Your objective: Output each record below exactly. No images go in the copy.

START Given data

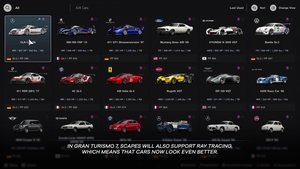 Gran Turismo 7: Autoliste mit allen bestätigten Marken und Fahrzeugen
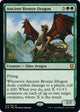 [Foil] Ancient Bronze Dragon (214) (Prerelease Cards)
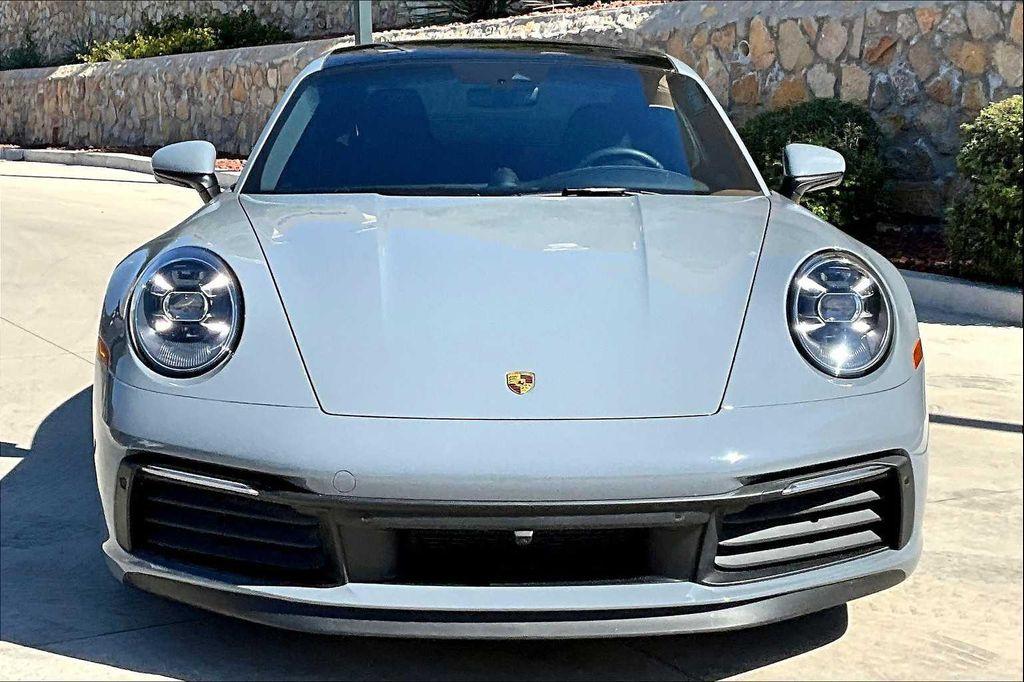 used 2024 Porsche 911 car, priced at $178,958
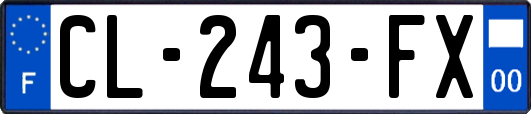 CL-243-FX
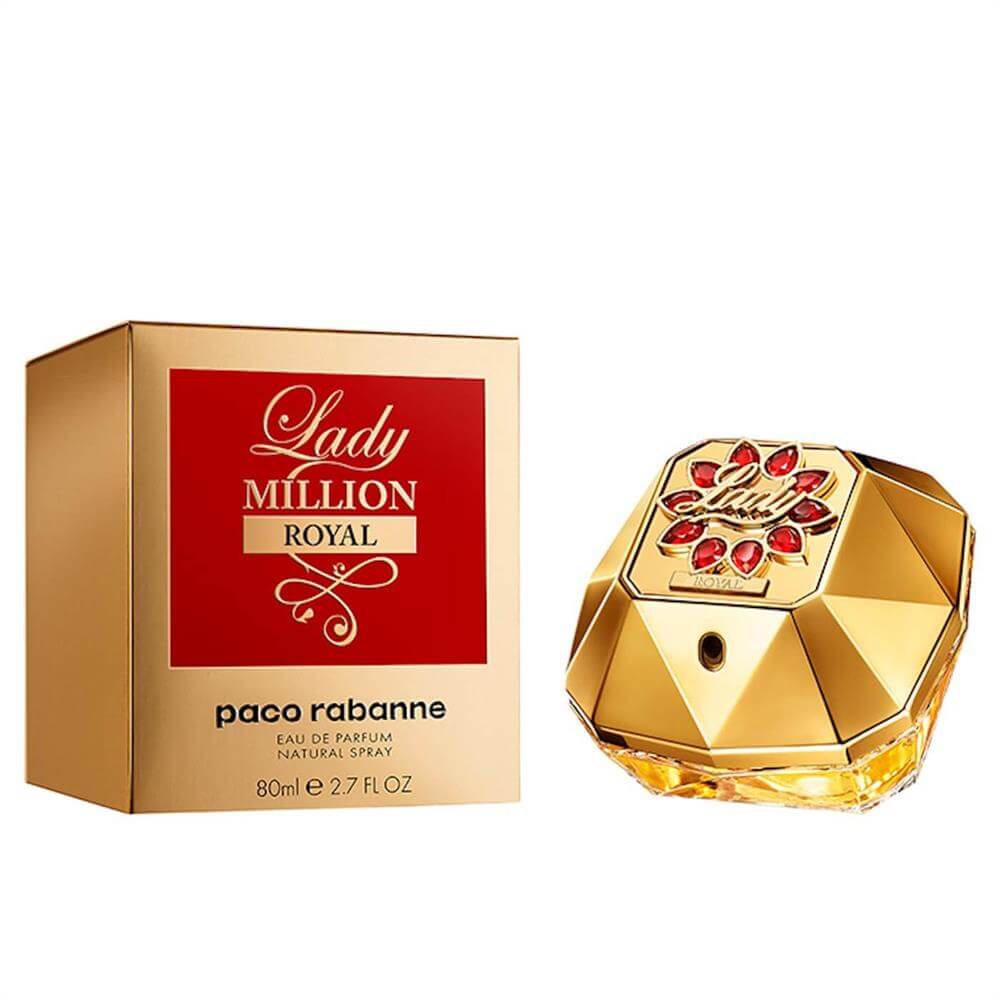 Paco Rabanne Lady Million Royal EDP 80ml Jarrolds Norwich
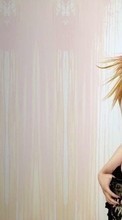 Scaricare immagine Artists, Avril Lavigne, Girls, People, Music sul telefono gratis.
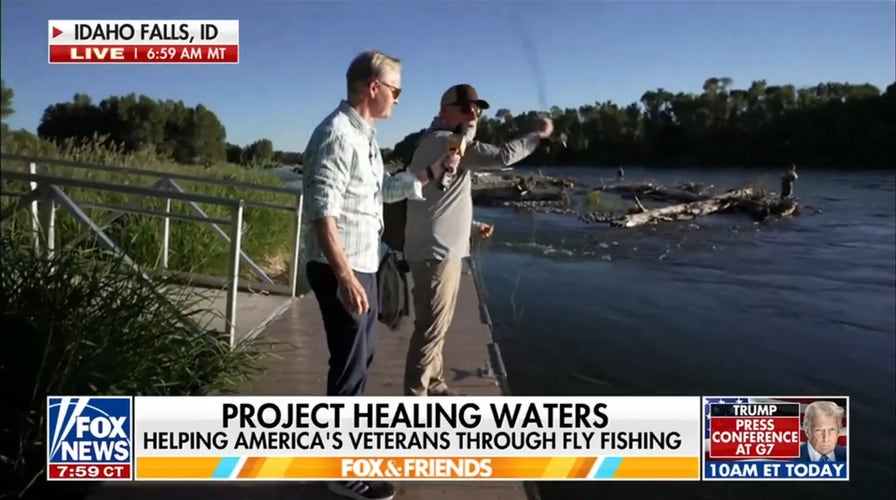 Steve Doocy uncovers how fly fishing helps veterans heal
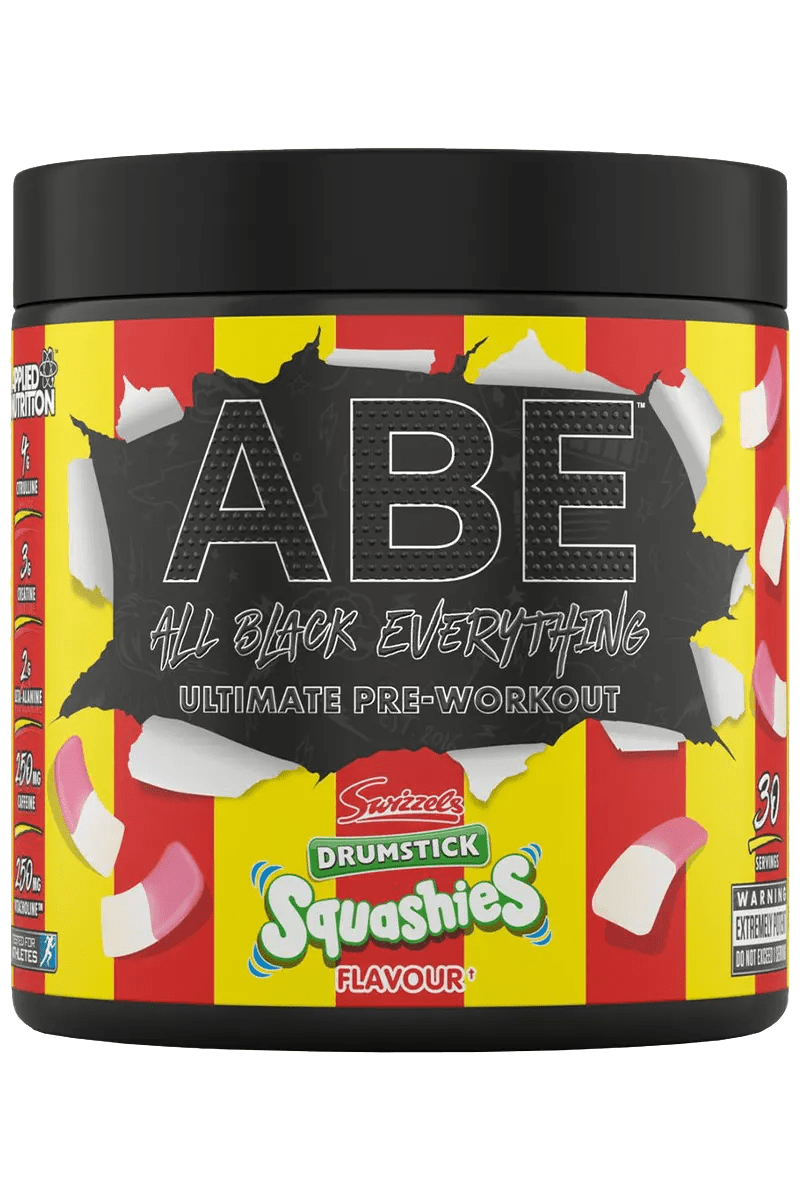 ABE Ultimate Pre-Workout - 375g – Drumstick Squashies ABE Ultimate Pre-Workout - 375g – Drumstick Squashies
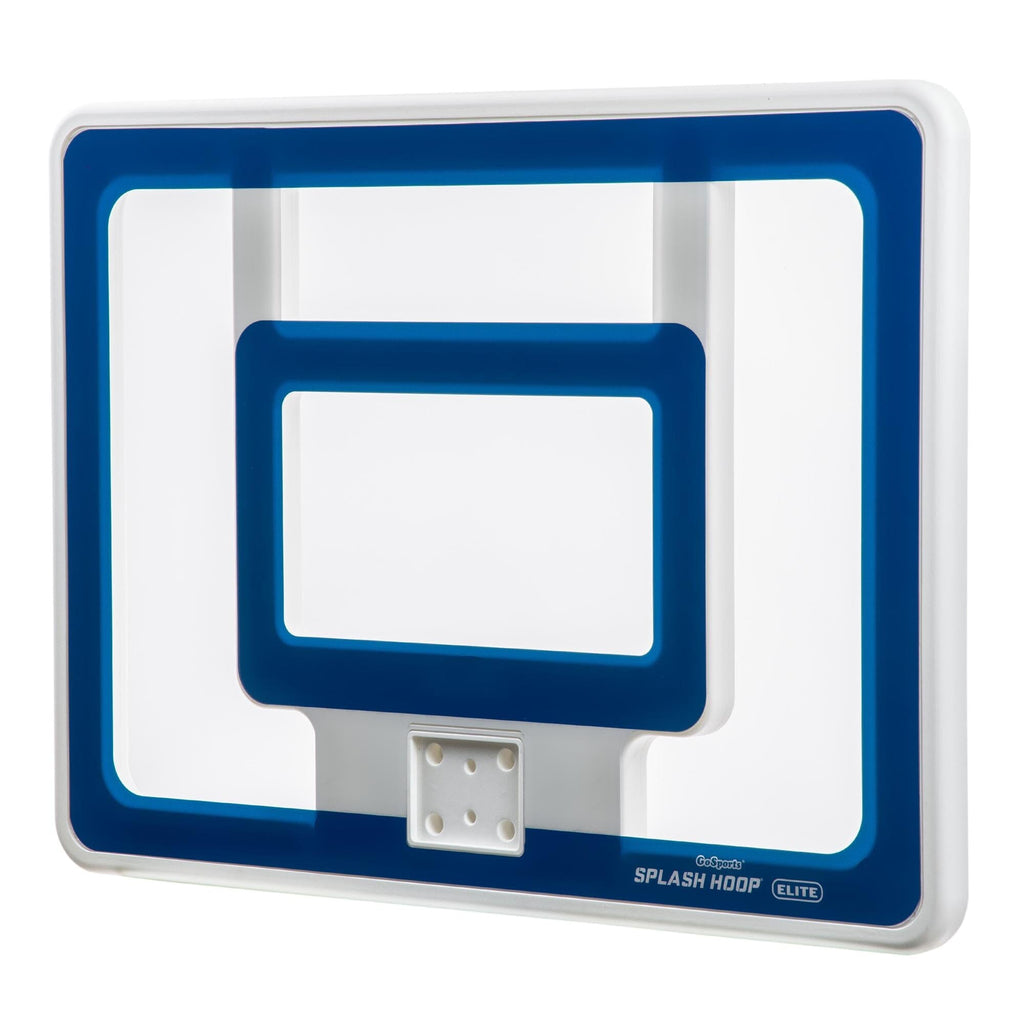 GoSports Splash Hoop ELITE Pool Hoop Basketball Replacement Backboard GoSports Blue 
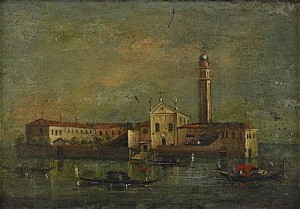 Untitled by Francesco GUARDI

END Given data

Solution to the exercise:
 Gran Turismo 7: Autoliste mit allen bestätigten Marken und Fahrzeugen
 [Foil] Ancient Bronze Dragon (214) (Prerelease Cards)
 used 2024 Porsche 911 car, priced at $178,958
 CL-243-FX
 Paco Rabanne Lady Million Royal EDP 80ml Jarrolds Norwich
 Scaricare immagine Artists, Avril Lavigne, Girls, People, Music sul telefono gratis.
 Steve Doocy uncovers how fly fishing helps veterans heal
 ABE Ultimate Pre-Workout - 375g – Drumstick Squashies ABE Ultimate Pre-Workout - 375g – Drumstick Squashies
 GoSports Splash Hoop ELITE Pool Hoop Basketball Replacement Backboard GoSports Blue 
 Untitled by Francesco GUARDI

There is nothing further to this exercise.